Although dasatinib monotherapy did not reverse EMT in HCC4006ER cells, preemptive combination treatment with erlotinib and dasatinib prevented the emergence of acquired resistance via EMT, and led to the emergence of T790M. Our results indicate that preemptive combination therapy may be a promising strategy to prevent the emergence of EMT-mediated resistance.
上皮间质转化(EMT)与某些携带表皮生长因子受体(EGFR)突变的非小细胞肺癌对 EGFR 酪氨酸激酶抑制剂(TKI)获得性耐药有关。由于目前尚无专门通过 EMT 杀死癌细胞的药物,因此需要新的治疗策略来克服或预防 EMT。最近的一份报告表明,达沙替尼(一种 ABL/Src 激酶抑制剂)可抑制 TGF-β诱导的肺癌细胞中的 EMT(Wilson 等人,2014 年)。在这项研究中,我们分析了达沙替尼对 HCC4006 细胞耐药机制的影响,该细胞通过 EMT 倾向于对 EGFR-TKI 产生耐药性。

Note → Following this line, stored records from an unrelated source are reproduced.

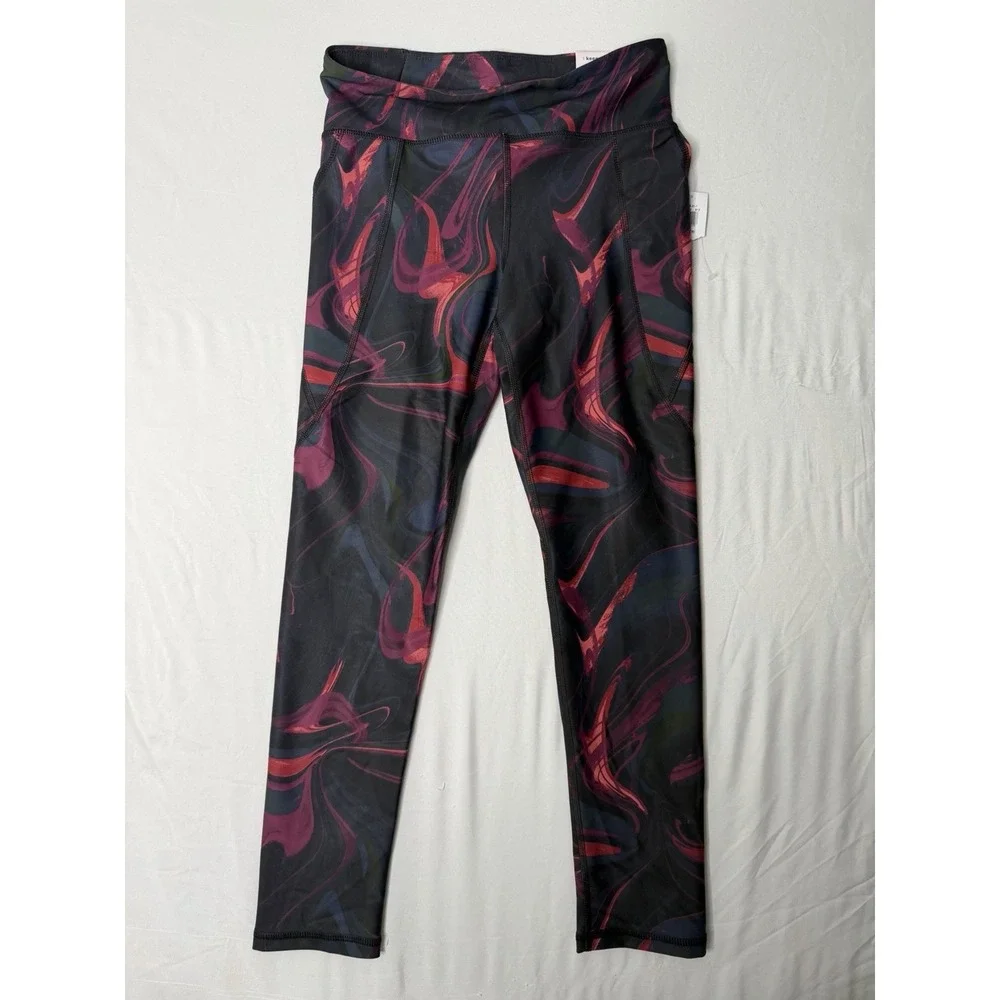 Old Navy Active Girls 2 Piece Activewear Set Size L (10-12) Marble Print NWT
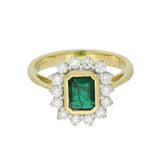 18ct Yellow Gold 0.80ct Emerald & Diamond Cluster Cocktail Ring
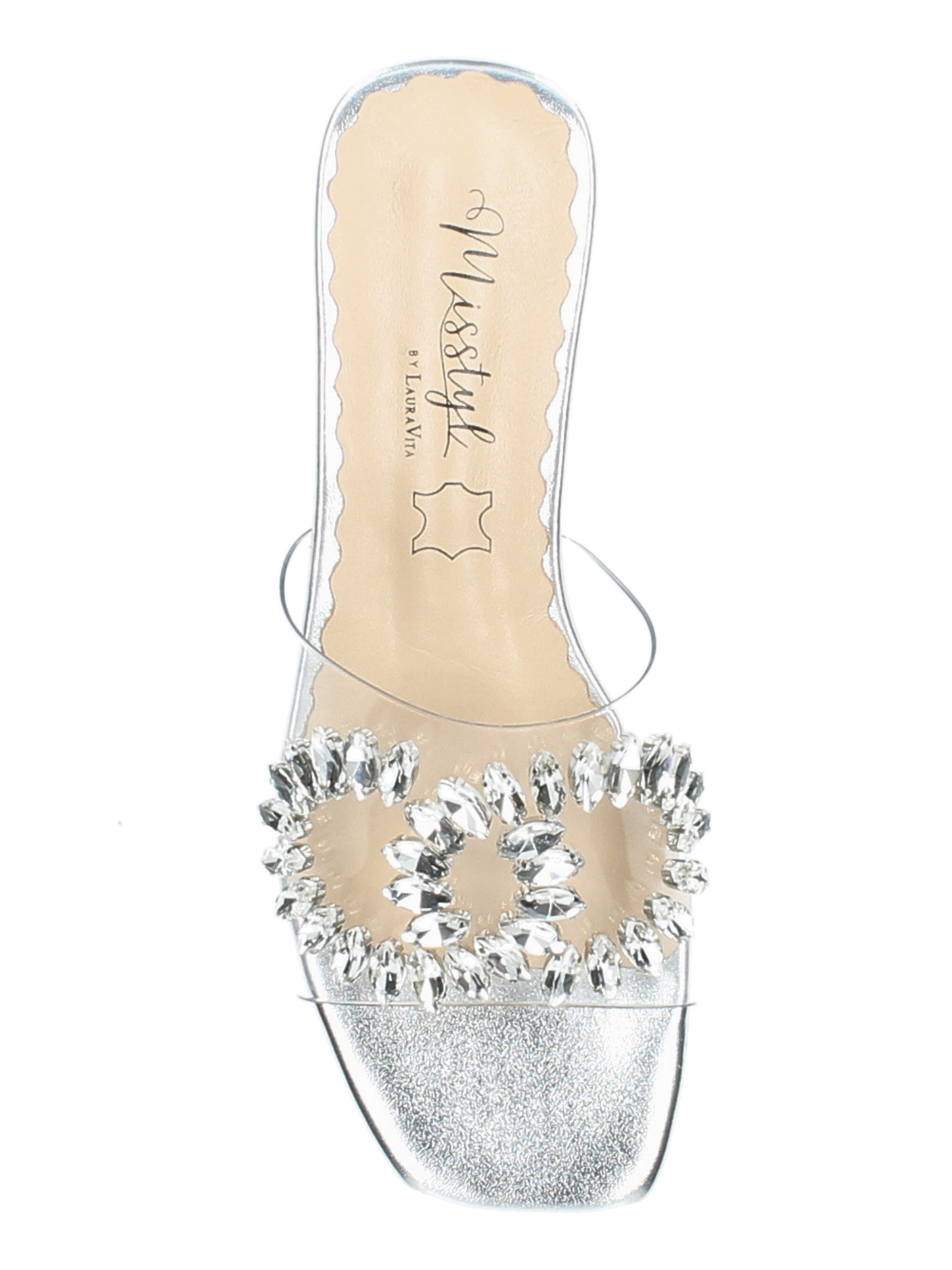 Misstyl Maxine 49 Silver Shoes with clear upper and crystal embellishment.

分析了 HCC4006 和具有 EMT 表型的 HCC4006 厄洛替尼耐药(ER)细胞对达沙替尼的敏感性。这些药物的慢性治疗后,HCC4006 细胞对厄洛替尼和达沙替尼的联合治疗产生了耐药性(HCC4006EDR)。分析了 EMT 标志物的表达和耐药机制。
短期或长期用达沙替尼处理均未逆转 HCC4006ER 中的 EMT。相比之下,HCC4006EDR 细胞保持上皮表型,对厄洛替尼加达沙替尼联合治疗的耐药机制归因于 T790M 继发突变。HCC4006EDR 细胞而非 HCC4006ER 细胞对第三代 EGFR-TKI 奥希替尼高度敏感。
尽管达沙替尼单药治疗不能逆转 HCC4006ER 细胞中的 EMT,但厄洛替尼和达沙替尼的预先联合治疗可防止 EMT 引起的获得性耐药,并导致 T790M 的出现。我们的结果表明,预先联合治疗可能是预防 EMT 介导的耐药性出现的一种有前途的策略。